Much like me. A research scholar in cinema, people don't understand why I did, what I did. I don't understand their ignorance. They win, because they are all hiring managers, brand managers, business development managers, manager managers.

I'm a glorified Editor of sorts. Add some prefixes to that, it doesn't mean nothing. At least that's the sense I get. The day I feel satisfied, is the day I'll rest in my grave. To be alive, is to be digging with your fingertips, deeper until you scratch the surface of satisfaction. The deeper you go, the better it feels. Just the idea of being in constant motion. Which is what brought Subhash and me to the level of exchanging phone numbers.

Subhash, a Gujjar, lives in Tughalakabad Extension in Delhi. He's from around here. Born and raised, grew up in the same place. Our similarities baffle me. We're both at strife with peace. He has a son, who he trained in Hotel Management. The son works at a prominent five star hotel. He also received an Alto Car in dowry, which he doesn't drive. Bike will be cheaper, my son tells me, says Subhash. Almost as if, he's embarrassed on his son's behalf. Even less for himself, for driving the auto and ferrying people like me around.

Me? I was carrying two half full bottles of Vodka on me. Half an hour past my dinner time, when Subhash asked me to pay him ten additional bucks over and above the usual fare, I said no. Then I said yes, before he could agree to my price. "It's a Friday night. I look like a million bucks. I'm meeting the people I love to death. I can pay ten extra bucks, sure, make someone's evening." Sulking as I was about the uncredited salary and having no money, I found a friend in Subhash who was even less glum about having made less than five hundred rupees that day.

Subhash, a Congress party supporter, hesitantly told me he voted for Modi. His entire family, all his friends, his neighbours and everybody he knew voted for Modi in 2014. He was asked to do the same by the people he lived with. And so he did.

"Do you regret doing that?" I tried my best to make him talk. His soft spoken candour turned to a loud mouthed Punjabi aunty's as he distrated me by saying how the cops suck monkey balls (in the Haryanvi equivalent of those words) and are the reason why we were stuck at a signal for over an hour. It didn't help our case when he got a call from this Good Guy who he drops on regular basis. It didn't help my case when he pointed at the location where he picks that guy from, daily- outside the house of a guy I dated.

The Good Guy, though from Bihar, is very well educated and a good person at heart, Subhash informed me. He also told me about this professor who is from Rajasthan and around my age (early 30s he speculated) and gets dropped to the university in the morning.

Subhash, a retired gentleman, rents out autos to other individuals and that helps him run the household. His son makes some from the Hotel on the side and together they keep the family afloat. While filled with equal part guilt and equal part regret about not making it big, Subhash wants to continue driving. He doesn't care much about dignity of labour, although he does like his work enough to do the same thing every day from 7 am to 9 pm, all through the year.

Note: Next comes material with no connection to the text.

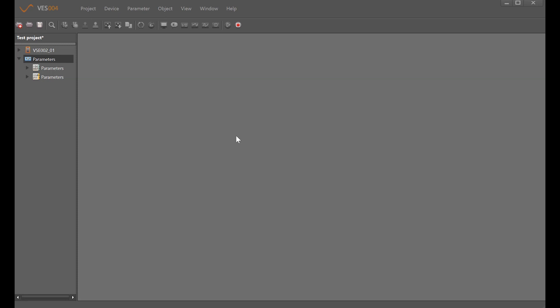Hi and welcome to this tutorial video about using the IFM intelligent vibration sensor VNB211 along with the software VES004.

Subhash's quite patriarchal while being ever so liberal together. It's a combination enjoyed exclusively by Delhi men and Subhash is no different. He insisted that I should get married. "But who will marry me?" I cried in my defence as the signal hit red and we missed our chance to escape the traffic the fifth time.

"Don't you have friends?"

Subhash hit a nerve. I had half a mind to tell him that all my friends deserted me and have new and fabulous lives in different cities, but I kept mum and nodded in disapproval. In my head, my answer was, "Negative, Subhash". Nobody's marrying me, I'm marrying nobody. That boat was never meant for me, and my committment phobic self anyway. However, like his political act, I didn't really find words to explain myself without making myself sound like a total asshole. Never reveal your asshole self to anyone who's driving you around, rule of thumb.

At this point, he and I had run out of conversation to make. But we had two kilometers of distance to cover in 30 whole minutes. I didn't mind it one bit, except that I was starving and thirsty and upset at the fact that I'd forgotten my Ruby Woo at home. Selfies will have to be done before I hit the dinner and I was an hour late for my dinner at that point.

Subhash too got a call from the Good Guy to have him picked from the same spot (kill me already), after which we only discussed politics and the cops, both of which, if I reveal about won't leave him in a state to drive his auto rickshaw and me, with a well paying job ever.

We parted our ways after spending good hour and a half to cover a four kilometer distance, all thanks to the same set of people Subhash's family forced him to vote for, and the one that my family was never up for.

The decision we make come to haunt us, be it our career choices, or our votes.